[Required action] Your answer must be the lines from the one containing "Handlauf montagefertig Laenge- 1200" through the last line below, copied exactly, with no pictures.

[Supplied data]
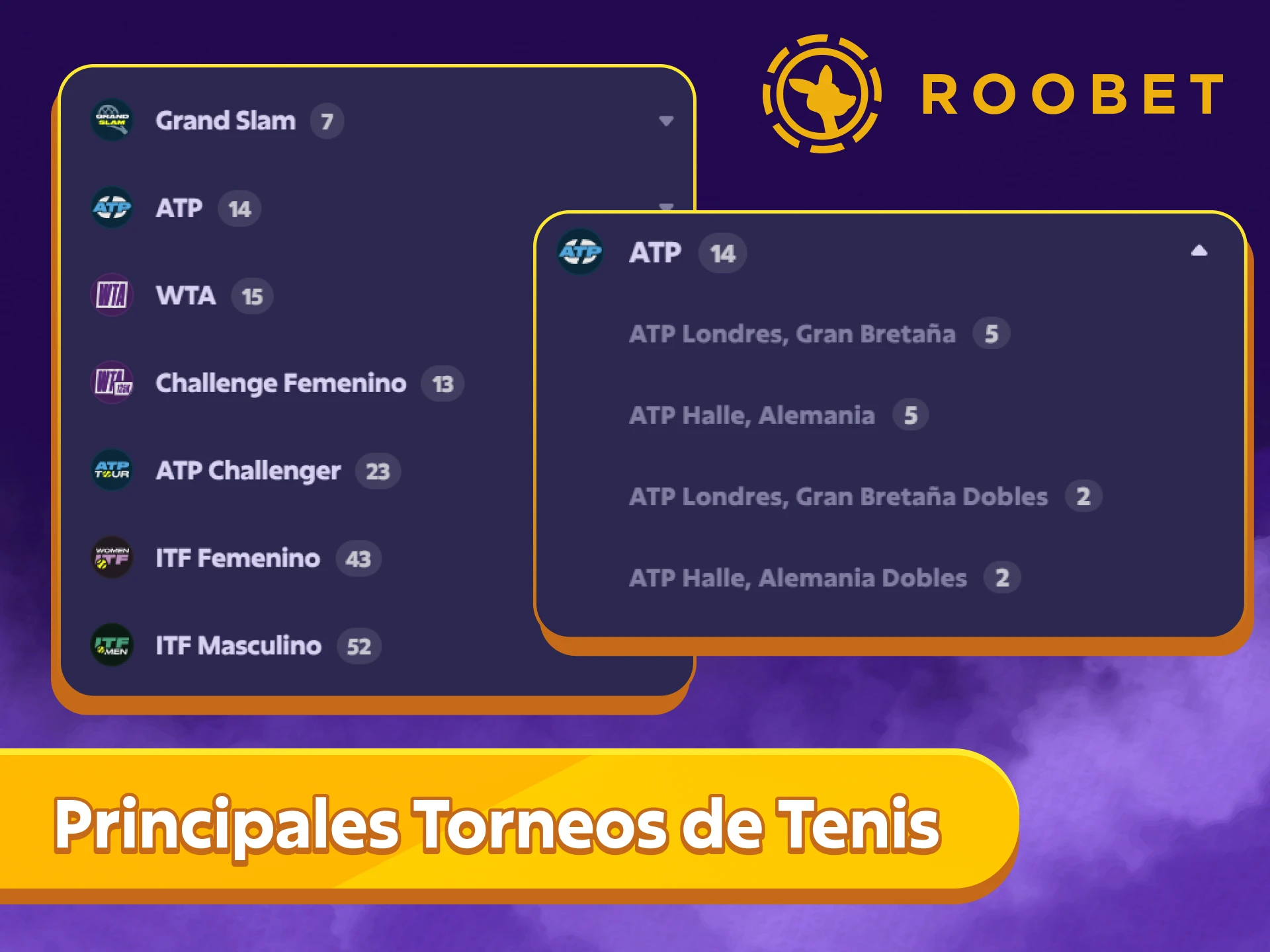 Apuesta en los grandes torneos de tenis en Roobet Sportsbook.
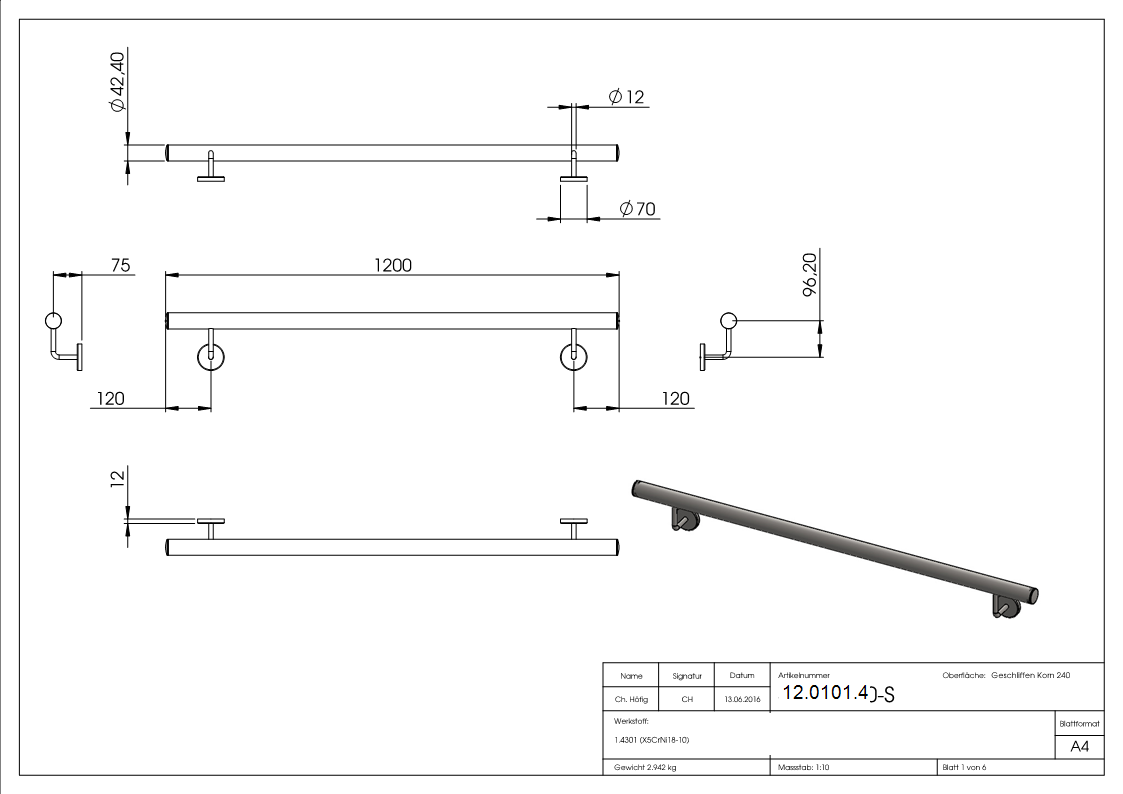 Handlauf montagefertig Laenge- 1200 mm Rundrohr- Ø 42-4 mm V2A-12-0101.4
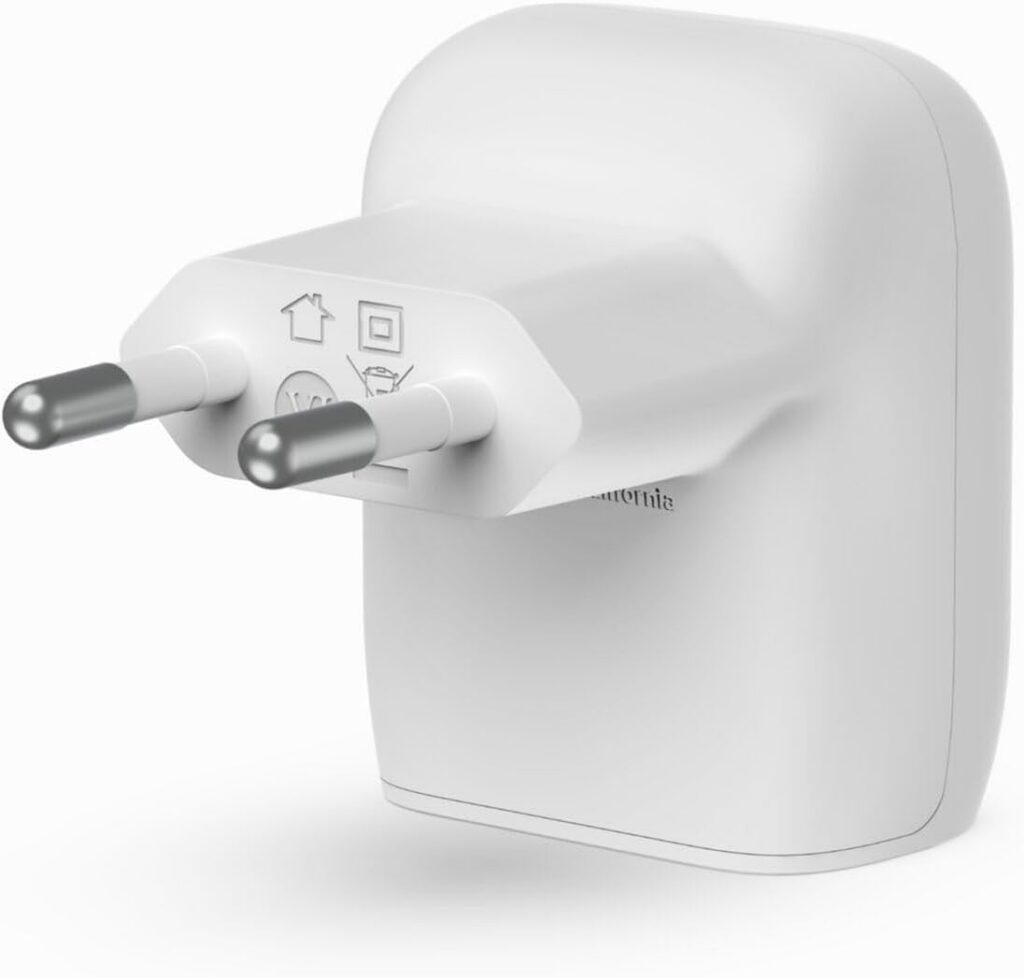 Adaptador Belkin BoostCharge blanco de 20 W con una única toma USB-C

[Finished task]
 Handlauf montagefertig Laenge- 1200 mm Rundrohr- Ø 42-4 mm V2A-12-0101.4
 Adaptador Belkin BoostCharge blanco de 20 W con una única toma USB-C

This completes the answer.